Col. Elmer Ellsworth
One rather interesting way to assess the patriotism of the people affiliated with Holy Trinity at this time is to look at trends at baby names.  And we're really talking about one trend: many people named their child after Elmer Ellsworth, the Union martyr who died one month into the war while trying to seize a Confederate flag in Alexandria, Virginia.  A total of nine(!) children (out of roughly 10-12 per month) baptized at Holy Trinity in the succeeding months would bear some version of his name (one baby born in April 19 was even apparently named retroactively).  Especially because the original Elmer Ellsworth was known pretty much solely as a martyr, these children seem to be a way for families to signal their willingness to sacrifice for the Union cause.  Here is a list:     

  • Elmer Ellsworth Filler (b. 4/19/1861), son of Henry and Juliana Filler (sponsor).   
  • Elmer Ellsworth Shreiner (b. 6/15/1861), son of Henry Michael and Mary Shreiner (sponsor). 
  • Ellsworth Leibley (b. 6/20/1861), son of Jacob and Elizabeth Leibley (sponsor).  
  • Elmer Ellsworth Winour (b. 7/15/1861), son of George Washington and Fanny Winour. Sponsored by Amelia Sensendorfer.  
  • Charles Ellsworth Peterman (b. 8/2/1861), son of George and Frances Peterman (sponsor). 
  • Ellmer Ellsworth Steigerwalt (b. 9/5/1861), son of Michael F. and Martha Steigerwalt (sponsored by both parents).   
  • Charles Ellsworth Bowman (b. 9/23/1861), son of William and Catherine Bowman (sponsor).
  • Ellsworth Holtz (b. 8/9/1862), son of George Washington and Mary Ann Holtz (sponsored by both parents).
  • Edward Elmer Ellsworth Cogley (b. 12/13/1861), son of Joseph and Sarah Ann Cogley (sponsored by grandmother).
A couple other names show up in the records, but none with the concentration of Elmer Ellsworth:
  • George B. McClellan Killian (b. 4/18/1863), son of Henry K. and Pricilla Killian (sponsored by both parents).  I wonder how ardent abolitionist F. W. Conrad felt baptizing this child.  
  • Abraham Lincoln Mishler (b. 11/9/1865), son of Isaac and Catherine Mishler.  Sponsored by mother.
At least two children were also named after the Rev. Dr. Gottlob "George" F. Krotel, who had earned the admiration of much of the congregation before his departure to Philadelphia in 1861.

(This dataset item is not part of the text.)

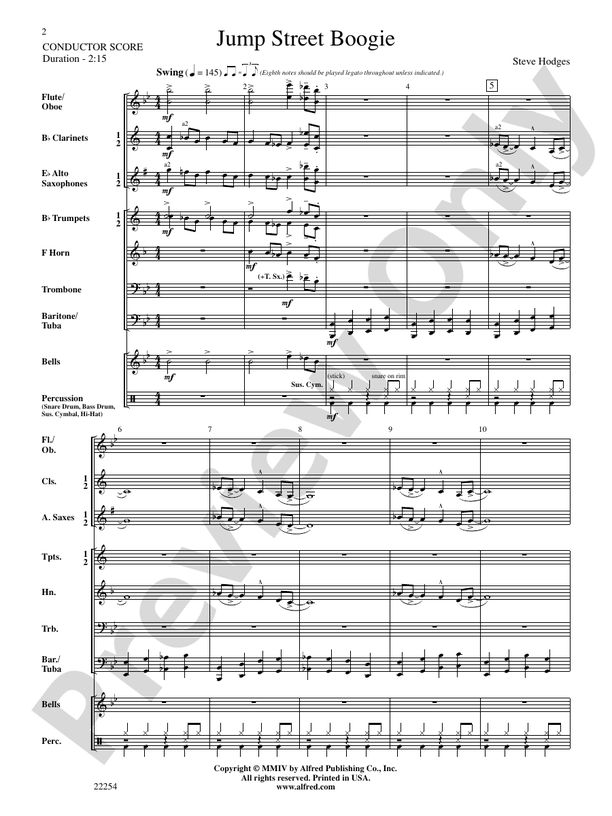 Jump Street Boogie - Concert Band Conductor Score & Parts (Digital Download)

  • George Krotel Bender (b. 8/17/1861), son of Benjamin S. and Hetty Bender (sponsor).  
  • George Frederick Krotel Erisman (b. 2/23/1863), son of Emanuel J. and Mary Erisman (sponsor not listed). 

79th Pa Connections

79th PA Monument, Chickamauga

From the baptismal records, I also recognized a few 79th Pennsylvania connections, which I note here for future biographical or genealogical research or investigations of the social networks from which the Lancaster County Regiment was raised:

  • Capt. Jacob Gompf: Jacob Augustus (b. 10/14/1860) baptized 3/14/1861 with mother Susan as sponsor.  
  • James P. Dysart (brother of 79th PA captains): Henry Scherff (b. 11/26/1860) baptized 4/18/1861).  Sponsored by grandparents Mr. and Mrs. Henry Scherff.
  • Capt. Edward Edgerly: Edward Everett Edgerly (b. 9/3/1859).  Son of Edward and Rosanna Edgerly. Sponsored by grandparents John and Rosanna Stehman.  
  • Lieut. William P. Leonard.  Three children with wife Harriet baptized on 6/10/1867.  Daughter Emma Virginia (b. 6/24/1846) baptized on July 15, 1846.
  • William F. Dostman (b. 10/8/1841), son of John Peter and Catherine Dostman (sponsor).  
  • Horace Binney Vondersmith (b. 5/6/1844), son of Daniel B. and Clara Elizabeth Vondersmith.  Both parents sponsored.
  • Robert M. Dysart and Lyman G. Bodie: both listed in death records for mid/late-1860s which I did not copy.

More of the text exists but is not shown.